A mesma que tocou os cabelos
do mitológico ser
e o amou
um amor enjaulado
um amor siderado.
Dói amar um ser
que cavalga em poesia
que grita belezas no silêncio...


A esfinge se cala
e entrega
de mão beijada
o centauro amado
a quem jamais
o amou assim.


(Leitura poética do livro O centauro no jardim, de Moacyr Scliar)

 


ANCORANDO ESTRELAS


Sonhei com Dian Fossey
aquela que vivia entre orangotangos.
Comprarei um peixe dourado


e sorrirei para ele
no café da manhã.
Poetas são marinheiros,


a diferença é que seus portos são estrelas
e nunca ancoram
no meu coração - cais.


Aparição sonhada:
Teus olhos negros na soleira.
Seremos dois a sorrir para o peixe dourado.

 

 

TRANSPARÊNCIA


No instante do milagre
segredos descem penhascos,
espelhos, memórias, casas.


Trechos da vida à beira da ruína
todos guardam para si.


Ninguém é transparente feito água Ouro Fino.

 

 

LEQUE DE NUVENS PARA O DEUS DAS ONDAS


O leque de nuvens se reflete
na areia de mármore.
Alento de tarde pagã.


Distante, a carranca do deus das ondas
escureceu o mar.


O coqueiro se eriça.
Cais sobre mim


feito neve nos Alpes.
E a tarde abraça o nosso abraço.

 

 

À MARGEM DO SOL


Cuido que nosso amor não seja astro morto.
Rego a lua, aro estrelas, fumaça ao redor.
Camisola de pérolas, pés descalços,
Pergaminhos perfumados
recebem a escritura de anjos invisíveis:

"A poeta ara estrelas com mãos aladas,
rega a lua com brisa perfumada.
Cuida que a lua seja girassol
estrelas floresçam em rosas azuis.

Colore vulcões extintos - vasos de luz.
Prepara frutos para o banquete à margem do sol.
Nua, solar, à espera da tarde antiga
(dois poetas, o poente, rosas azuis).

 

 

DEUS NO ORVALHO
(para Jorge Luis Borges)


Jardim perfumado de Istambul.
Sol intolerável beija a rosa azul
no vaso branco, dois cães cor da lua
ao redor.
Teus olhos se perdem na rosa nua.
Olhos da cor do Mar Cáspio na aurora.
Gota de orvalho baila na pétala.
Cristal.
Ponto no espaço - Aleph
descortina o universo.
Sonhos enxertados de sóis, desertos,
aromas, fauna, primaveras, borrascas.
Todo universo na gota clara
que cobre a rosa.
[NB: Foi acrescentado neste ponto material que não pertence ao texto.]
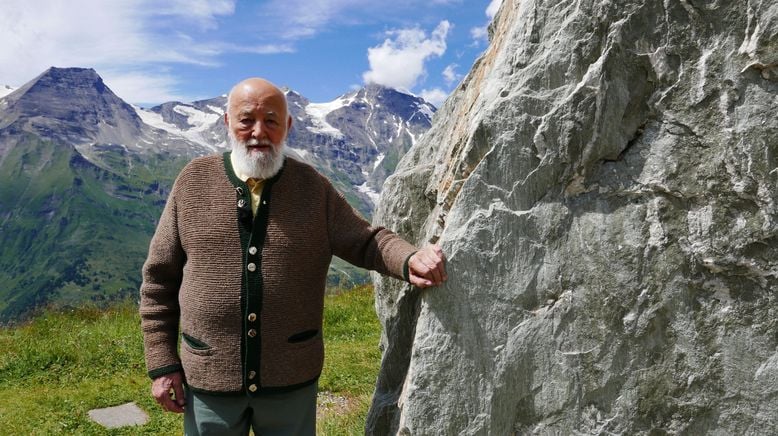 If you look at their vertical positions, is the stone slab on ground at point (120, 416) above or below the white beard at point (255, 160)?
below

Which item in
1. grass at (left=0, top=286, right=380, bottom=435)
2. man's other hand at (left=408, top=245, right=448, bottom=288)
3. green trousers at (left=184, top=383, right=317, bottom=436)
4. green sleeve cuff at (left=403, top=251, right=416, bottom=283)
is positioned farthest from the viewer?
grass at (left=0, top=286, right=380, bottom=435)

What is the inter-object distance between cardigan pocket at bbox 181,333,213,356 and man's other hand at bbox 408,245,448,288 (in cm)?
150

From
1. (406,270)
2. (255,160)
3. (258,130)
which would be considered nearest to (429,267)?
(406,270)

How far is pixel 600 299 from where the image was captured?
4.18 m

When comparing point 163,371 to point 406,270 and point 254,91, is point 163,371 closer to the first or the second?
point 406,270

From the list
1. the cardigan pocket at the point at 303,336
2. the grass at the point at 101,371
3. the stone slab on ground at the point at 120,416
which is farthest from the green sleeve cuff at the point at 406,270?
the stone slab on ground at the point at 120,416

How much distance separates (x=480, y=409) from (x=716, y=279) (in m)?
1.75

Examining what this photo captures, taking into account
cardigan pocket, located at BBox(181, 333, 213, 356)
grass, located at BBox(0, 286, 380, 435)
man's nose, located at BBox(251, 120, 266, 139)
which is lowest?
grass, located at BBox(0, 286, 380, 435)

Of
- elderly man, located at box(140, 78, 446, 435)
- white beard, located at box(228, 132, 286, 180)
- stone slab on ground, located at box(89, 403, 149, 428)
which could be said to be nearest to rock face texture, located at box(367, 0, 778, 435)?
elderly man, located at box(140, 78, 446, 435)

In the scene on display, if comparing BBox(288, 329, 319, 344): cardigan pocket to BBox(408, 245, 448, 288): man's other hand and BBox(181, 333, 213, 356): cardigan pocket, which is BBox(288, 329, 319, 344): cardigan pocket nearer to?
BBox(181, 333, 213, 356): cardigan pocket

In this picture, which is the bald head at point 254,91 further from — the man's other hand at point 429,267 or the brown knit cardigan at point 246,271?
the man's other hand at point 429,267

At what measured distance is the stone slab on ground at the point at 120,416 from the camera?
26.4 ft

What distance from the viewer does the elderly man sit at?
436 centimetres

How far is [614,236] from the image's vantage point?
4137 millimetres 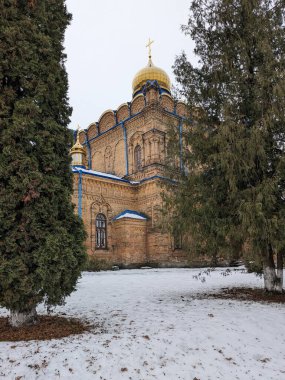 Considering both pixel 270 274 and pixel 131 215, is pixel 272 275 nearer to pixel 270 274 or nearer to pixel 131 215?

A lágrima desce solar ao
lábio carmesim, e o peito arde de amor e luz.

 

*


Bárbara Lia é poeta e professora de História. Participou de antologias poéticas, entre elas Poema Curto, da Fundação Cultural de Curitiba, em 1.998. Recebeu o Prêmio Leminski 2000 - Cead Lapa - PR, e o prêmio Projeto Orpheu - UBE - RJ - 1997 (crônica). Colaborou nos jornais literários Fenestra e Garatuja (RS), Mulheres Emergentes (MG) e Rascunho (PR).